兄にあたるサークルの先輩は行けば必ず捕まり長期間拘留されるとわかっている闘いに出かける前夜「あいつの傍にいてやってくれないか。俺の唯一の気がかりなんだ。単純な奴だが、いいところもあるんだ。いまは方向を間違っているので、君のような人が必要なんだ」と壹岐に真顔で頼み込んだ。もちろんそんなことはしなかった。壹岐はすでに桂と深く付き合っていた。予想通り先輩はそのサークルには戻って来なかった。その後もこの街で見かけたことはない。弟も騒動が止む前に出番がなくなった役者のように忽然と消えていた。伝説はしばらくの間残ったが、やがて忘れられていった。その男はあだ名でしか呼ばれなかったからだ。実在の男はすでに名前が変わり、顔つきも変わった。風になぶられ、雨に洗われ、人の目にいくつも刺されてすっかりふやけてみえる。騒動のど真ん中で自らの鬱憤をはらすためだけに暴れていたタケルノミコトといっとき呼ばれていた男が目の前のシローと同一人物だなどと誰にも分からなかった。いま陽子と同棲しているシローがまぎれもなくその本人だと壹岐もはじめて気付いた。
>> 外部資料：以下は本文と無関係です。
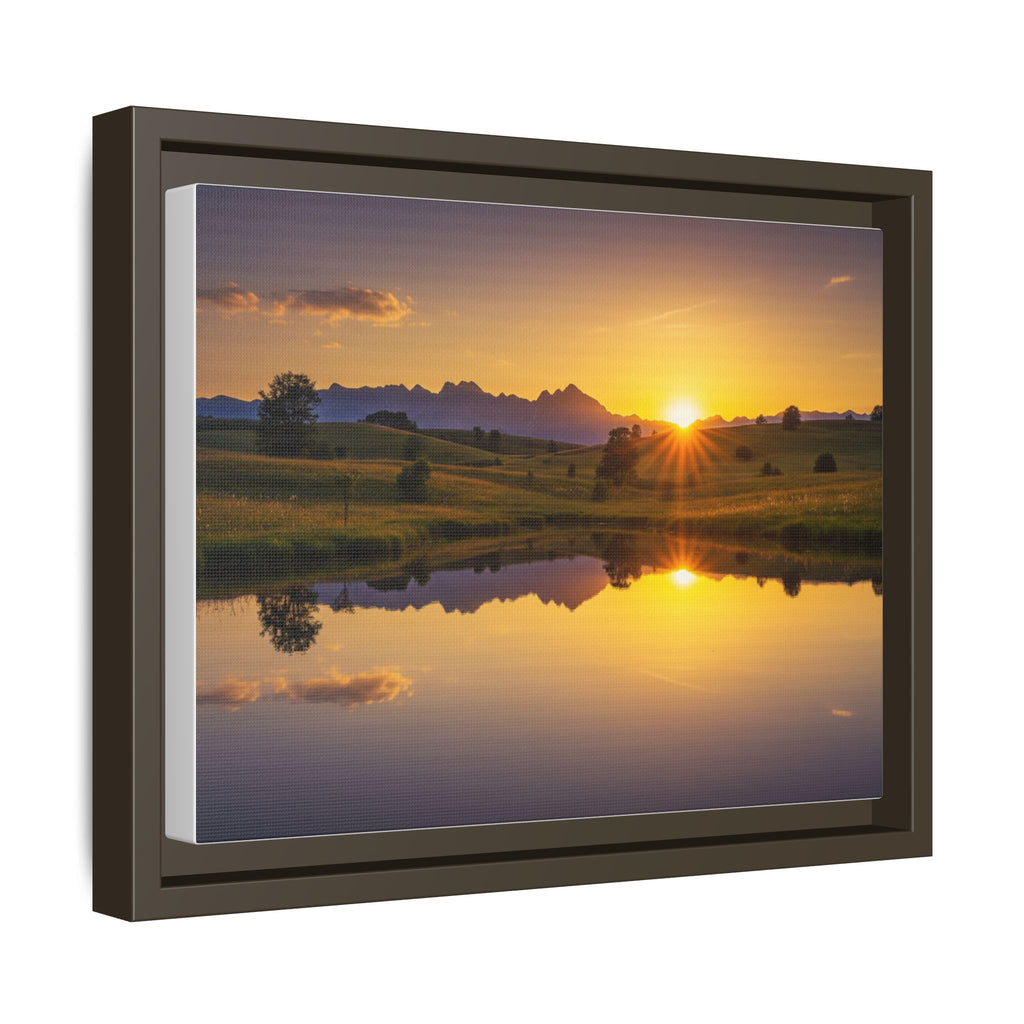 Framed Matte Canvas Sunset Landscape — Serene Lake Reflection Wall Art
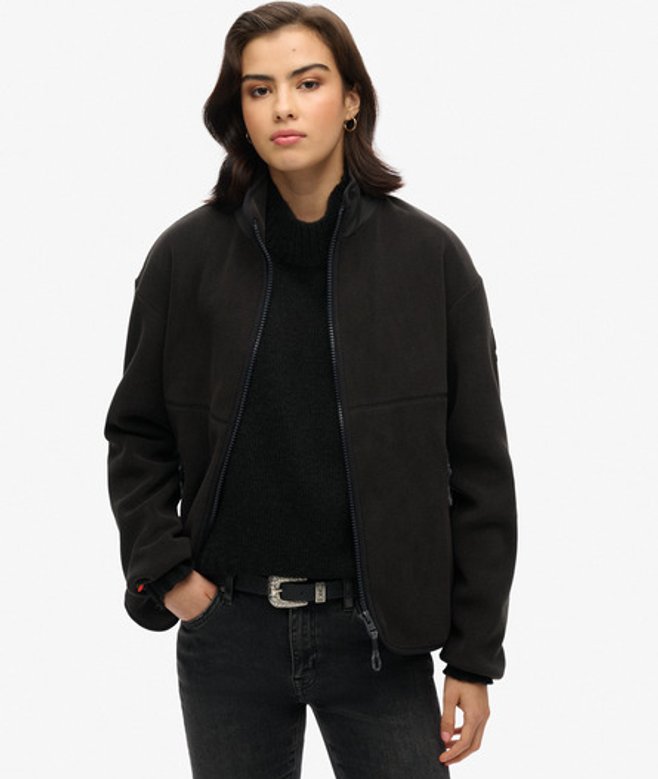 Superdry Damen Active Fleecejacke mit Durchgehendem Reißverschluss Schwarz - Größe: 38 von Superdry
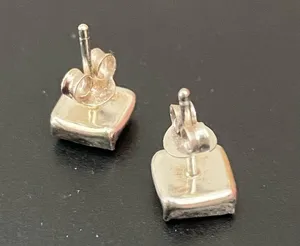 925 Sterling Silver Blue Opal Square Small Stud Earrings thumbnail 5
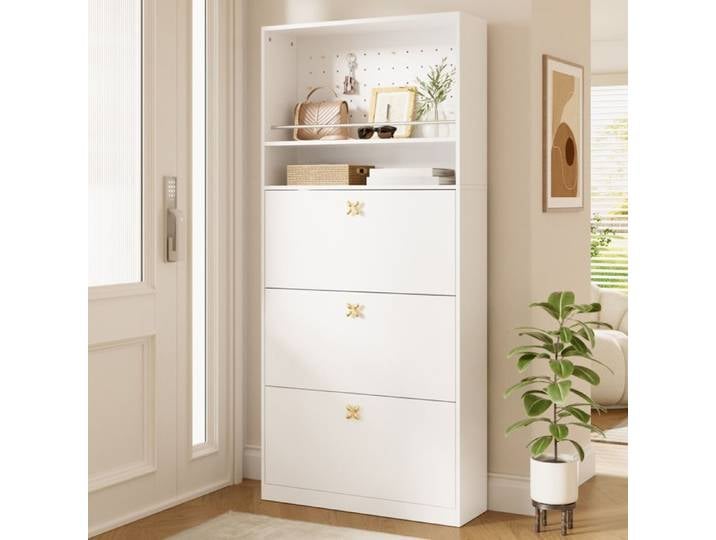 Meuble à chaussures blanc 80x24x178 5 cm avec 3 abattants 2 étagères ouvertes et rangement d'entrée étroit JOINERY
何年かぶりにシローは竹刀でなく、石でもなく、人を攻撃する手段として官憲の棍棒を手にしていた。素手でないのが意に染まないという顔をしている。壹岐と陽子もその場に辿りつき、五人のさまざまな大きさの身体が塀のようになって若い巡査をとり囲んだ。予期しなかった成り行きにどう対処すべきかとまどっている風に見えた。あきらかに訓練不足である。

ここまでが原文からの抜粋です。